Quando avevo 7 anni, papà mi preparò per la scuola da solo per la prima volta, senza mamma. E quel giorno si trasformò in una storia che ricordiamo ancora oggi…

Da bambina, era spesso papà a prepararmi al mattino. Mamma andava a lavoro prima, e lui rimaneva il responsabile per il “preparare il bambino”. Di solito era un trambusto: era sempre di fretta, cercava continuamente qualcosa, rivolgeva cento domande di fila.
Io ero seduta su una sedia mentre lui correva avanti e indietro per la stanza. A volte mi sembrava che non avesse paura di non riuscire a vestirmi in tempo, ma piuttosto di non riuscire a gestire questo misterioso rituale mattutino. Ma tutto sommato andava bene: mi aiutava a mettere le calze, abbottonava i bottoni, annodava la sciarpa con cura.
– Fatto! – disse soddisfatto. – Veloce, preciso, senza perdite.
Sorrisi, presi lo zaino e andai a scuola.
Faceva fresco, ma c’era il sole. L’umore era ottimo: la giornata prometteva di essere normale e tranquilla.
Finché non accadde qualcosa di strano.
Lungo la strada per la scuola qualcuno sorrideva, qualcuno si girava a guardarmi. Pensai che fosse solo un’impressione. Ma vicino alla scuola le risate diventarono più forti. Qualcuno ridacchiava, qualcuno indicava con il dito, e sentivo un nodo allo stomaco.
Salendo le scale, guardai finalmente verso il basso — e in quel momento avrei voluto sprofondare.

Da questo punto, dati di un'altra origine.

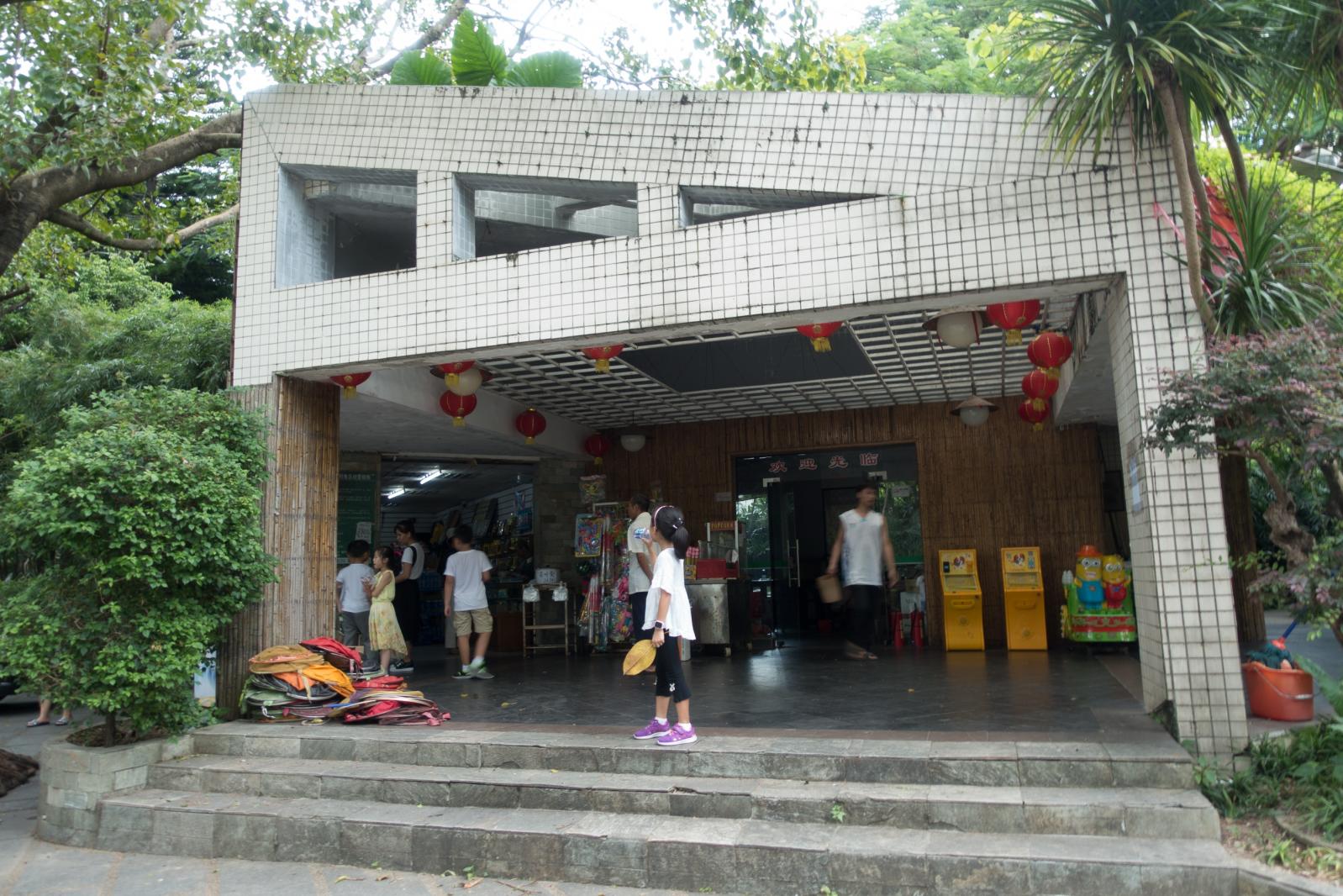 东湖公园钓鱼区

Non c’era gonna. Per niente.
Papà, nella fretta, mi aveva messo solo le calze, il maglioncino, la giacca… e aveva dimenticato la gonna. Proprio dimenticata.

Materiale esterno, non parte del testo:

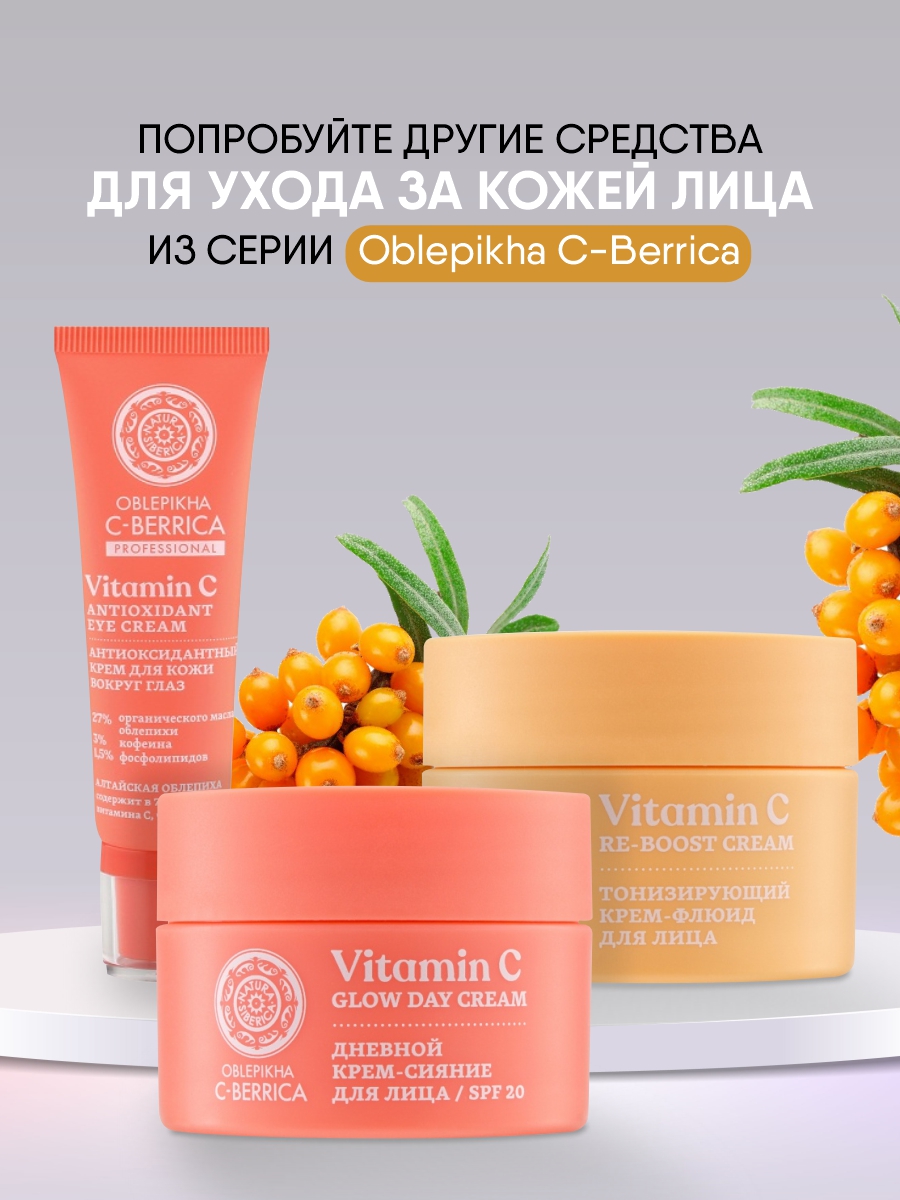 С-Berrica Oblepikha Крем-сияние для лица SPF20 50мл от Natura Siberica + 2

E io andai così — sicura, felice, con lo zaino, senza nemmeno accorgermi.
In classe tutti ridevano. Io stavo lì, senza sapere dove andare. Volevo scomparire, nascondermi sotto il banco o scappare a casa.
L’insegnante notò la mia espressione, si avvicinò rapidamente e mi portò nello spogliatoio.

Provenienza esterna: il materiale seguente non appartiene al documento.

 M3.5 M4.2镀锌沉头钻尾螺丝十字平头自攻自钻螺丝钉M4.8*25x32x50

Pochi minuti dopo tornò con dei pantaloncini grigi dalla palestra.
– Non preoccuparti, – disse con un sorriso. Tutto bene. – Succede.
Mi cambiai, asciugai le lacrime e tornai a lezione. All’inizio era imbarazzante, poi divertente.
Per l’ora di pranzo tutti se ne erano dimenticati, e io sentivo ancora quel calore dovuto all’insegnante che mi aveva salvata da quella vergogna.
La sera, quando sono tornata a casa, papà mi ha incontrata alla porta.
– Com’è andata la giornata? – chiese, soddisfatto come sempre.
Abbassai lo sguardo e dissi:
– Papà, ti sei dimenticato di mettermi la gonna.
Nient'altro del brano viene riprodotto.